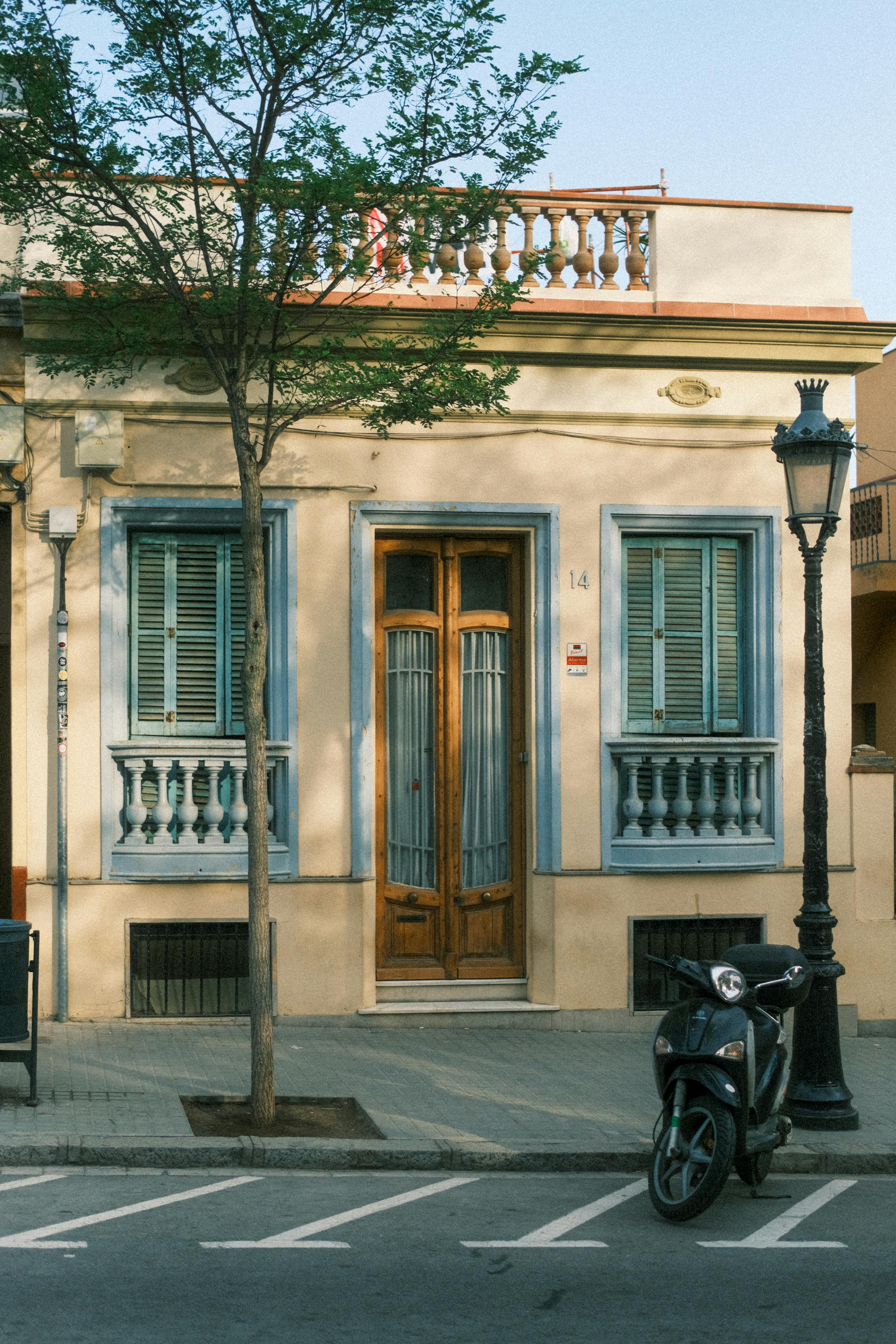 Elegant house facade in Barcelona, Spain with a parked motor scooter and tree-lined street.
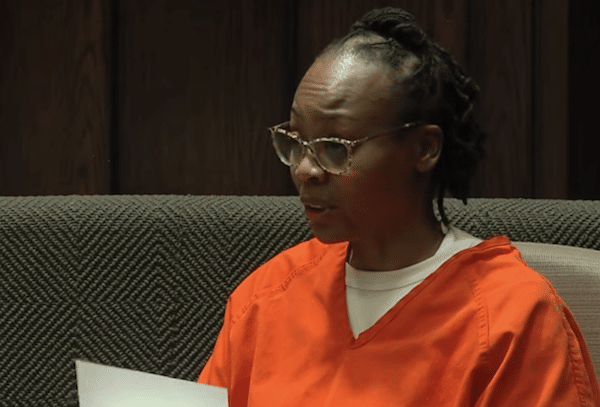 A woman in an orange jail uniform and glasses sits in a courtroom chair, looking down at papers in her hands.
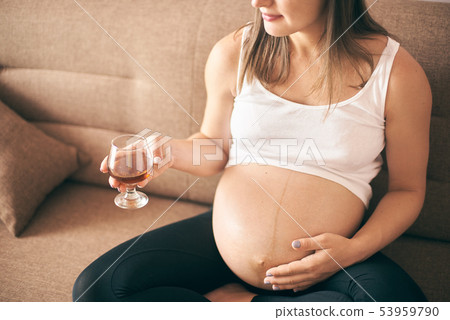 Young future mother keeping glass with alcohol Young future mother keeping glass with alcohol 53959790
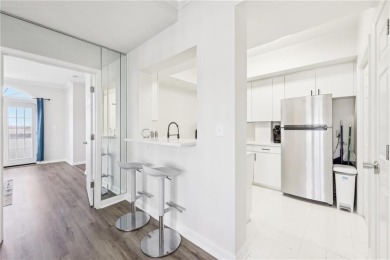 Beautiful end unit condo, fully furnished, and ready for on Bobby Jones Golf Club in Georgia - for sale on GolfHomes.com, golf home, golf lot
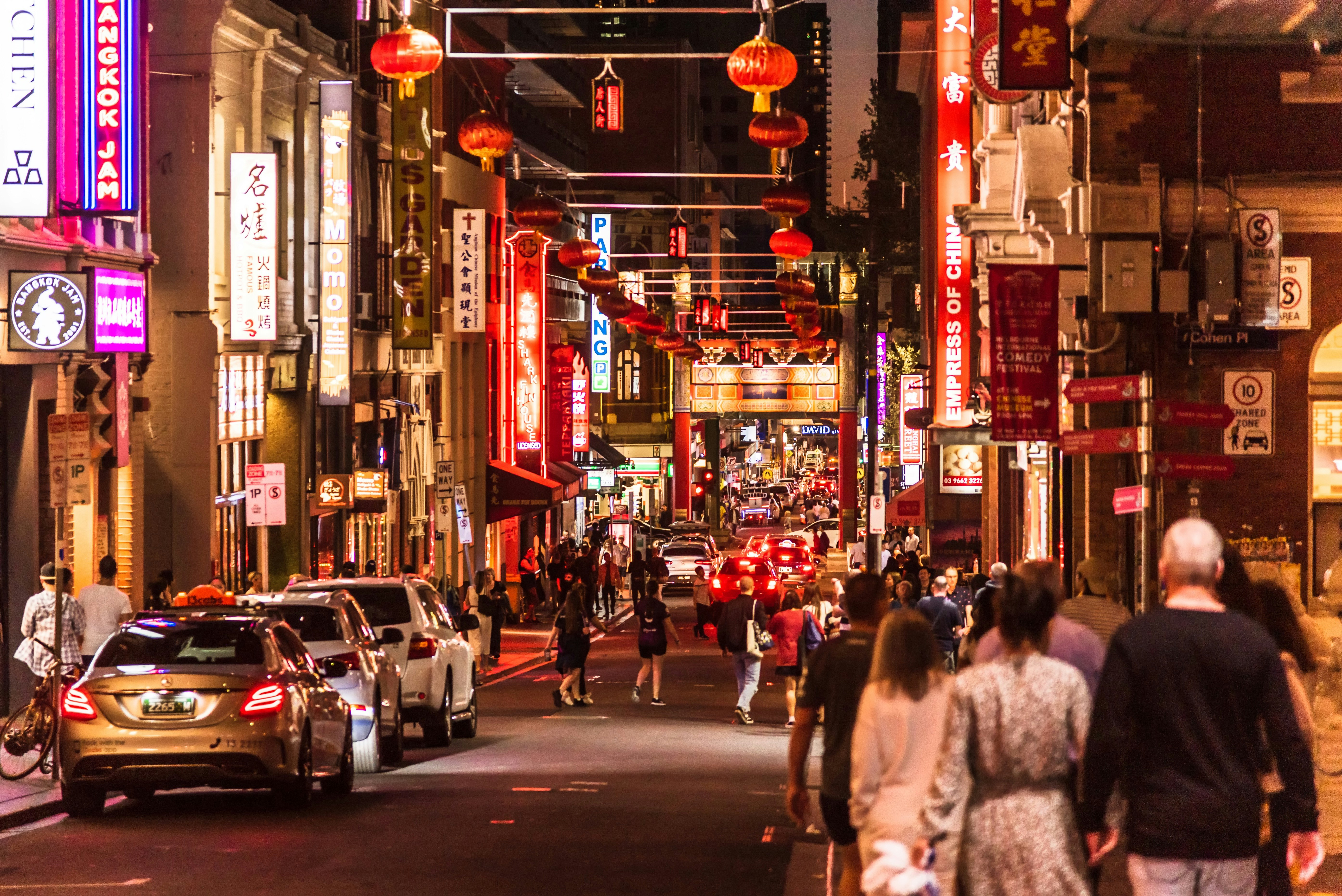 An evening view of people walking through the streets of Chinatown in Melbourne. Red lanterns dangle from buildings and arches above the street.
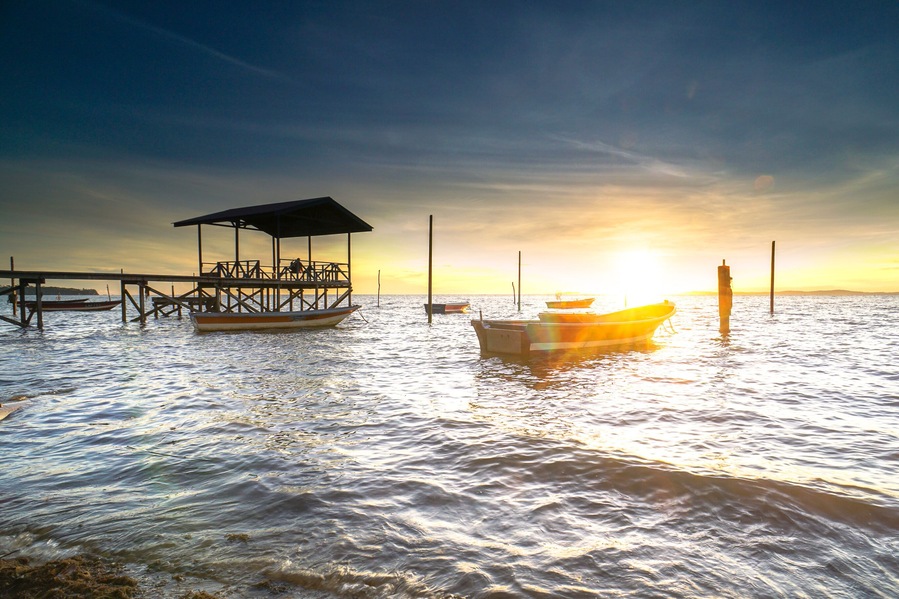 Une jetée dotée d’un espace de repos abrité et d’un bateau amarré au moment du coucher du soleil.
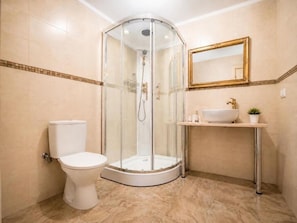 Ein Badezimmer mit einer Duschkabine aus Glas, einer Toilette, einem Waschbecken mit goldfarbenem Wasserhahn und einem Spiegel mit goldener Rahmung.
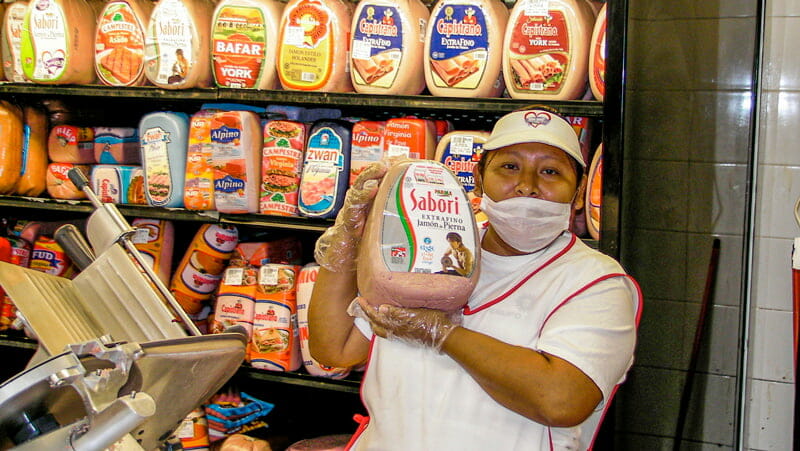 View of the cold cuts section with an employee holding the meat at Walmart in Cancun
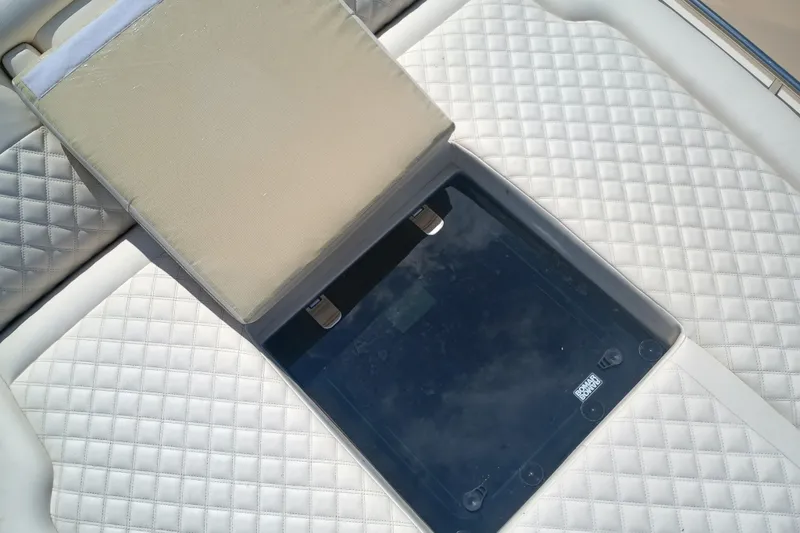 Slide: The Image of Cushioned seating with storage on 2025 Grady-White Canyon 456 boat. - 23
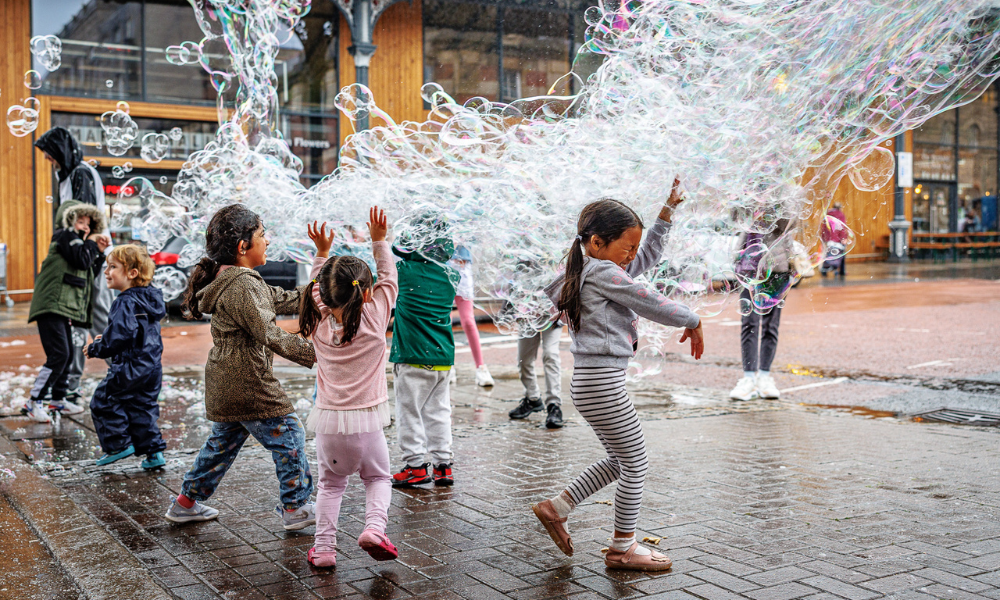 Children playing with bubbles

◆ WHAT YOU SHOULD DO
Reproduce exactly the lines from the beginning of the material down to the line containing "Beautiful end unit", both ends included, but not the pictures or anything after.

◆ TASK OUTPUT
 Elegant house facade in Barcelona, Spain with a parked motor scooter and tree-lined street.
 A woman in an orange jail uniform and glasses sits in a courtroom chair, looking down at papers in her hands.
 Young future mother keeping glass with alcohol Young future mother keeping glass with alcohol 53959790
 Beautiful end unit condo, fully furnished, and ready for on Bobby Jones Golf Club in Georgia - for sale on GolfHomes.com, golf home, golf lot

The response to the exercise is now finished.